Repercutiu como uma bomba! Como verdadeira afronta à moral e aos bons
costumes! O fato de o relacionamento de um homem com duas mulheres ter sido
objeto de uma escritura pública, foi recebido como manifestação nula,
inexistente, indecente. Sabe-se lá quantas outras adjetivações mereceu.
Mas alguém duvida da existência desta espécie de relacionamento? Ainda que
alvo do repúdio social – com denominações sempre pejorativas: concubinato
adulterino, impuro, impróprio, espúrio, de má-fé , concubinagem – vínculos
afetivos concomitantes nunca deixaram de existir, e em larga escala.
Batizados mais recentemente de poliamor ou uniões poliafetivas, sempre foram
alijados do sistema legal, na vã tentativa de fazê-los desaparecer. Mas
condenar à invisibilidade, negar efeitos jurídicos, deixar de reconhecer sua
existência é solução que privilegia o “bígamo” e pune a “concubina”, como
cúmplice de um adultério.

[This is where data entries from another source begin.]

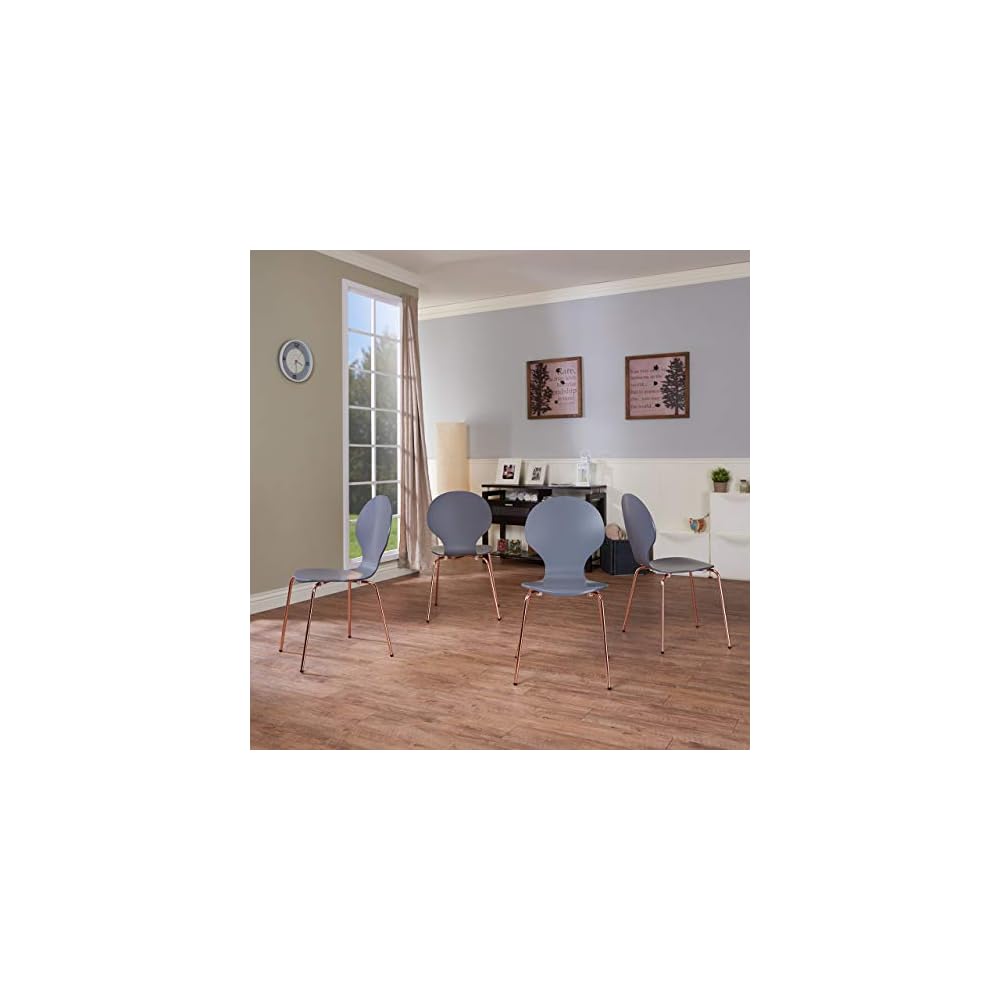 Enitial Lab Furniture of America Jaywald Modern Bentwood Chair (Set of 4), One Size, Gray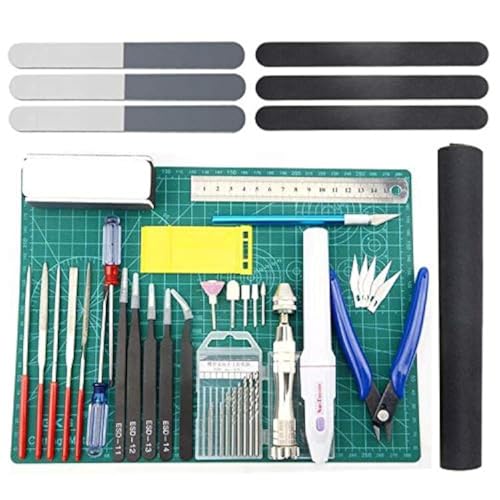 BXQINLENX Professional 33 PCS Model Tools Kit Modeler Basic Tools Craft Set Hobby Building Tools Kit for Gundam Car Model Building Repairing and Fixing (J) - Image 1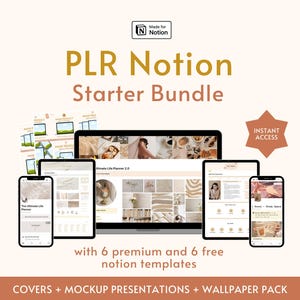 Op de afbeelding: Een digitaal productpakket voor Notion, met een beige achtergrond en de tekst "PLR Notion Starter Bundle" in gouden letters. Het pakket bevat 6 premium en 6 gratis sjablonen, covers, mockup-presentaties en een wallpaper-pakket. De afbeelding toont ook een mockup van een computerscherm waarop een Notion-sjabloon wordt weergegeven.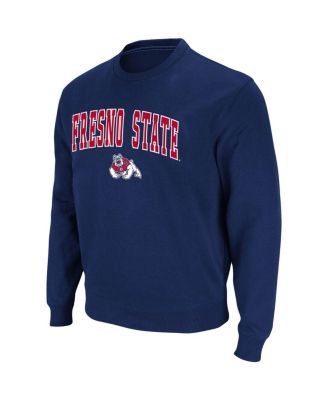 Men's Navy Fresno State Bulldogs Arch and Logo Tackle Twill Pullover Sweatshirt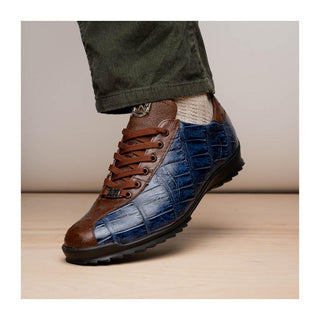 Marco Di Milano Saulo Men's Shoes Blue Jeans Exotic Ostrich / Alligator Casual Sneakers (MDM1045)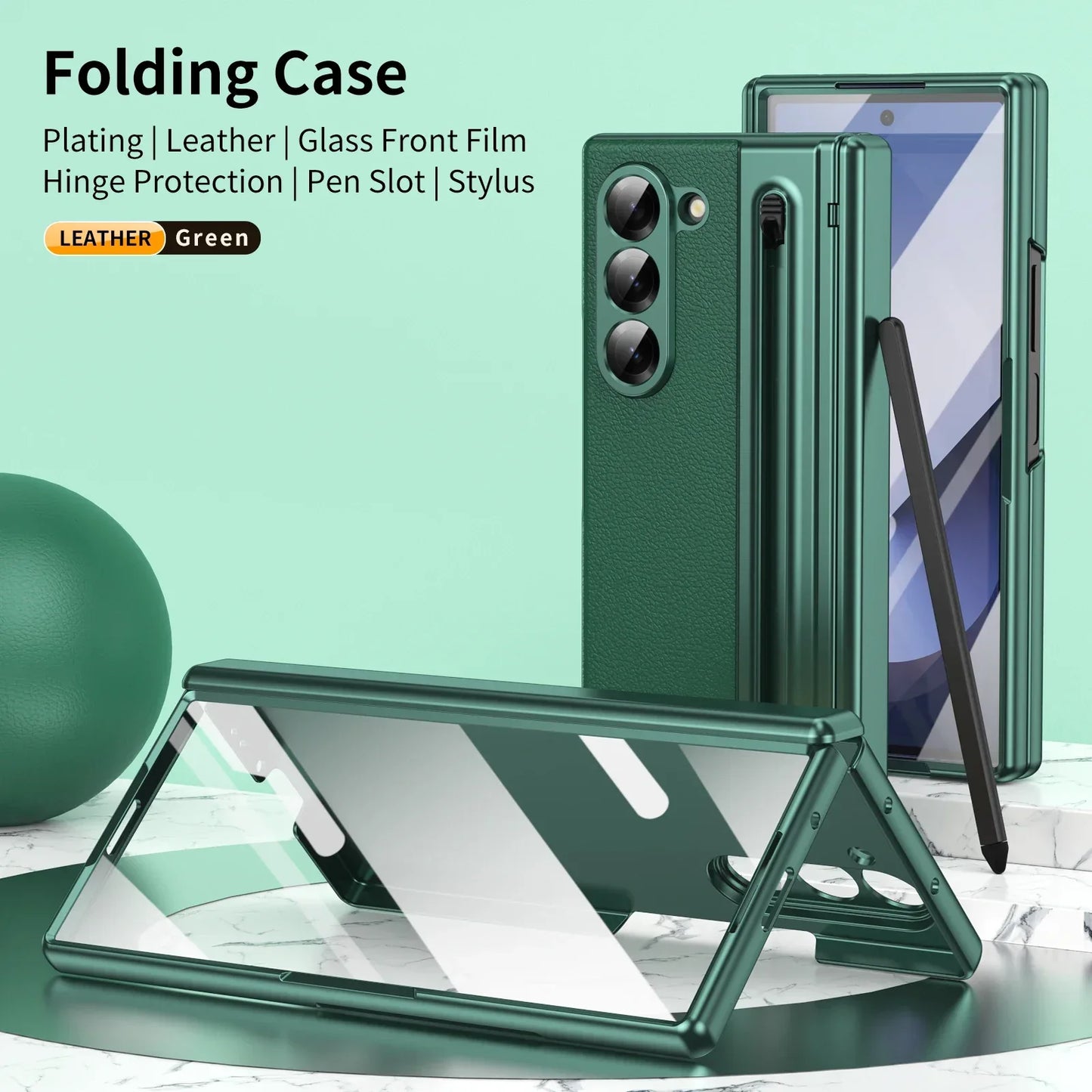 VIETAO Pink Leather Mobile Phone Cases For Samsung Galaxy Z Fold 7 Case With Pen, Full Protection Z Fold 6 Cover With Glass Film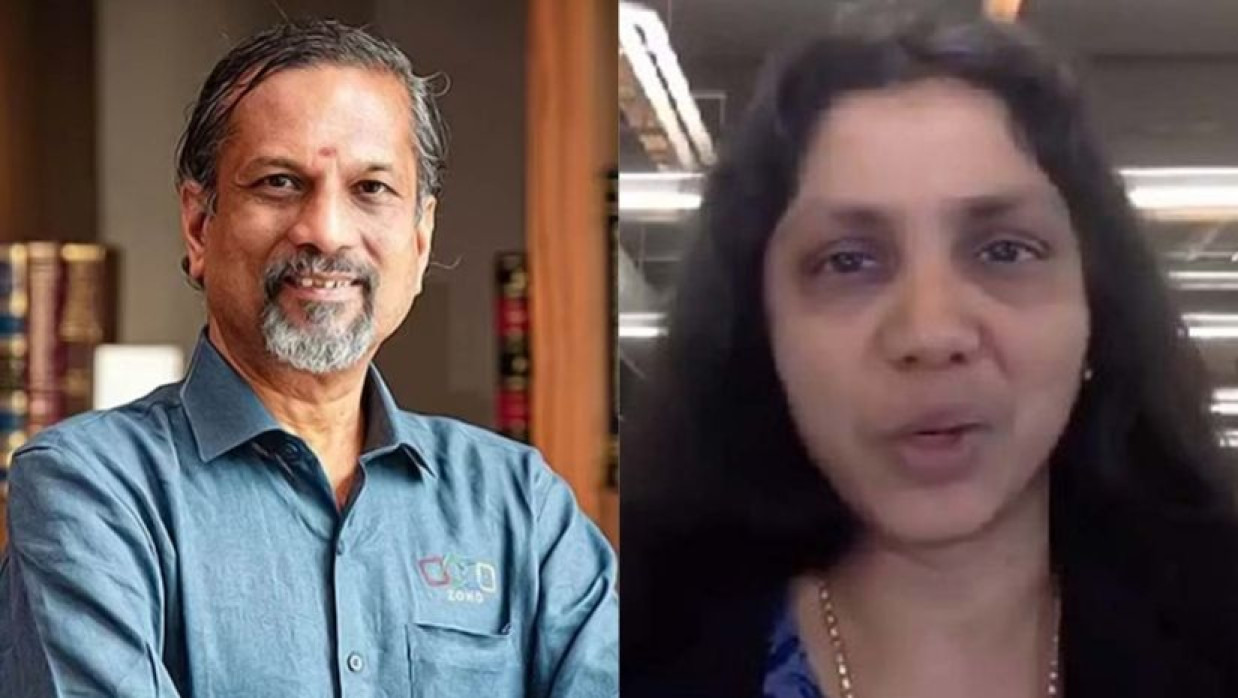 শিল্পপতি শ্রীধর ভেম্বু ও তার স্ত্রী, যার সঙ্গে মামলা চলমান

É o que a Justiça insiste em fazer: chancela o
enriquecimento injustificado do homem que mantém vínculos afetivos
paralelos.
Quando a mulher afirma desconhecer a duplicidade de vidas do parceiro, a
união é alocada no direito obrigacional e lá tratada como sociedade de fato.
A ela somente se reconhecem direitos se alegar que não sabia da infidelidade
do parceiro. Isto é, para ser amparada pelo direito precisa valer-se de uma
inverdade, pois, se confessar que desconfiava ou sabia da traição, recebe um
solene: bem feito! Esta solução, à primeira vista, parece prestigiar a
boa-fé de quem diz ter sido enganado. No entanto, só é exigida a boa-fé de
um dos integrantes do “triângulo amoroso”: da “outra”. Condenada por
cumplicidade, é punida pelo adultério que foi cometido por ele. A esposa
saber do relacionamento do marido, não tem qualquer significado. O homem que
foi infiel, desleal a duas mulheres é “absolvido”, nada lhe é imposto.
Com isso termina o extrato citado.